As the morning wore on, we started seeing blue sky and improved visibility. I started seeing pilot reports showing negative ice and layered clouds. Even though the clouds and visibility had improved, the headwinds had increased. I adjusted the plan to fly non-stop to Wasilla, AK (PAWS) and decided to stop at Yakatat (PAYA) and refuel. I filed and we checked out before noon (no additional charge) and headed to the airport. We climbed out through an overcast and were clear of the clouds before the temps fell below freezing.
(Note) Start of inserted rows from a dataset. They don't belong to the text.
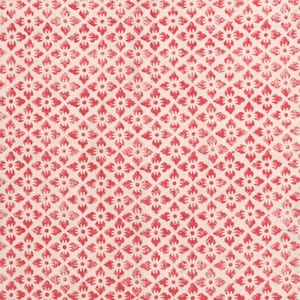 May include: A close-up of a fabric featuring a repeating pattern of red floral motifs on a cream background. The design is arranged in a diamond grid, creating a textured appearance. Suitable for textiles or home decor.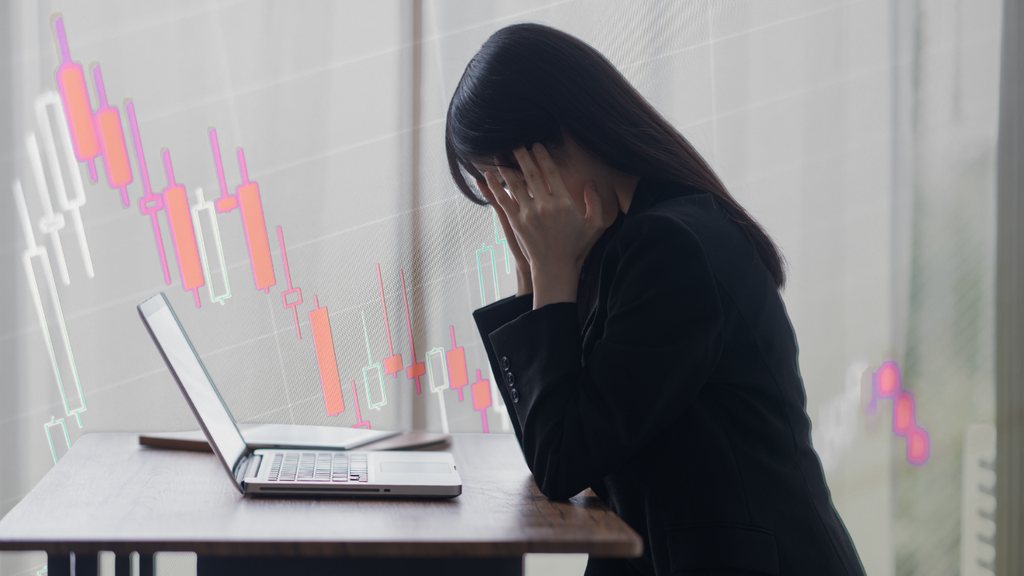 下落する株価チャートを背景に、パソコンの前で頭を抱える女性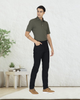 Model wearing custom overdyed jeans for men by Luxire in black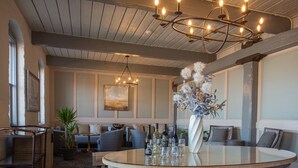 A modern lounge area with a round glass table, seating arrangements, and a decorative plant centerpiece. - Olde Harbour Inn (Savannah)
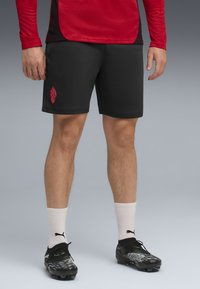 Svarte treningsshorts med en rød logo, kombinert med hvite sokker og svarte fotballsko. Stoffet er glatt og designet for komfort under sport.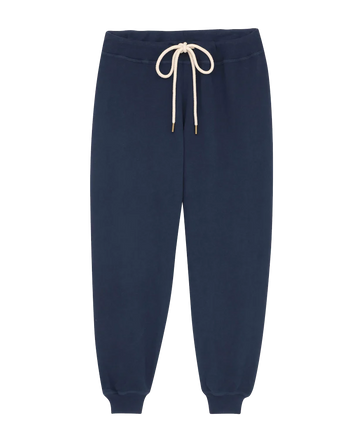 The Cropped Sweatpant in True Navy by THE GREAT. FALL 23 KNITS features a vintage gym style with a white drawstring and elastic cuffs at the ankles, meticulously handcrafted from 100% cotton.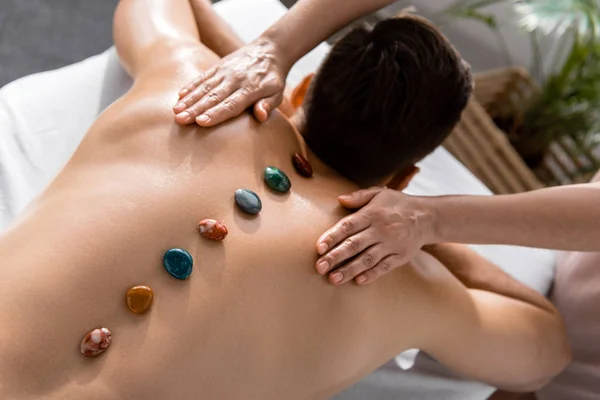 Cropped view of masseur and shirtless man with stones on back — Stock Photo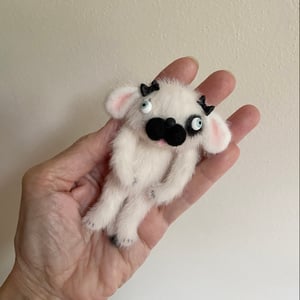 Image of Floppy Puppy in White and Black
Initially we climbed to 12,000′ and cruised there for about 30 minutes, then climbed to 13,000′ for terrain clearance…which was strange since we were basically flying over the ocean.
The clouds gave us peeks at the beauty below us. At beautiful it was! The memory of seeing my first glacier out the window of our Bonanza while stick with me forever. What a great moment.
Then I saw some clouds building up ahead…only they didn’t seem quite right….
Those weren’t clouds…they were mountains! 15,000′ mountains!
As we proceeded, I saw that we could make it to Wasilla and still have legal reserves, so I called ATC and diverted on to PAWS. The cloud layers started getting higher, and I was able to climb to 18,000′ and stay on top of the clouds. The air was smooth and the fuel situation continued to look good.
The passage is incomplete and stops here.